**YOUR ASSIGNMENT:**
Would you print the material exactly, starting at its first line and ending at the line holding "Double D Ranch"?

**PROVIDED DATA:**
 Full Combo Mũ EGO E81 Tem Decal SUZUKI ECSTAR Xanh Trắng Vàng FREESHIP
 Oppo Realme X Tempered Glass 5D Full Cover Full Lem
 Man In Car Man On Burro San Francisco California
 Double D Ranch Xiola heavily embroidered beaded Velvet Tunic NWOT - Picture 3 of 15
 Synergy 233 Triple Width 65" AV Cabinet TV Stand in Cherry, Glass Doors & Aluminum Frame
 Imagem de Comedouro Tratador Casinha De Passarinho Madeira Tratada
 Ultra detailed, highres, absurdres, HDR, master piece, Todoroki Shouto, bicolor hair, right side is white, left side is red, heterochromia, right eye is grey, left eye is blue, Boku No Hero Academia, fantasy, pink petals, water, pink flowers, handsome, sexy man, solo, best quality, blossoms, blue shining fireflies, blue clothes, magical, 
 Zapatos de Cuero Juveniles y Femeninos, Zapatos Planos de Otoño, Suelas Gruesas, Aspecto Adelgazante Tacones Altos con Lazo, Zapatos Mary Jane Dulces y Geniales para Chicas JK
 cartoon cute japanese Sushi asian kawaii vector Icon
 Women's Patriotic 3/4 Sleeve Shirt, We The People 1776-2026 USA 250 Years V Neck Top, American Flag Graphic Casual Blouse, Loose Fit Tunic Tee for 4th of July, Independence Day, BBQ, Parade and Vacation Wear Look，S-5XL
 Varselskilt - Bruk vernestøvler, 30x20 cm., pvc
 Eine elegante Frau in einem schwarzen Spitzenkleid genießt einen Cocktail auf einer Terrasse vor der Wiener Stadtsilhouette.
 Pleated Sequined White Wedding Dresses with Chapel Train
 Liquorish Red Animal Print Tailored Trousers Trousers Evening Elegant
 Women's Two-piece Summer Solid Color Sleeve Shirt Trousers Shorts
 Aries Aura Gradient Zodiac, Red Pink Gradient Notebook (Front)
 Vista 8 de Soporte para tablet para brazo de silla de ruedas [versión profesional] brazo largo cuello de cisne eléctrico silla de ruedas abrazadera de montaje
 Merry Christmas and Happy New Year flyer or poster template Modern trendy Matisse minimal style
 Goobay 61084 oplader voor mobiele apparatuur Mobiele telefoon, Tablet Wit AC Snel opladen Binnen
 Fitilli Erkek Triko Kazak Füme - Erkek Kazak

**REPLY TO THE EXERCISE:**
 Full Combo Mũ EGO E81 Tem Decal SUZUKI ECSTAR Xanh Trắng Vàng FREESHIP
 Oppo Realme X Tempered Glass 5D Full Cover Full Lem
 Man In Car Man On Burro San Francisco California
 Double D Ranch Xiola heavily embroidered beaded Velvet Tunic NWOT - Picture 3 of 15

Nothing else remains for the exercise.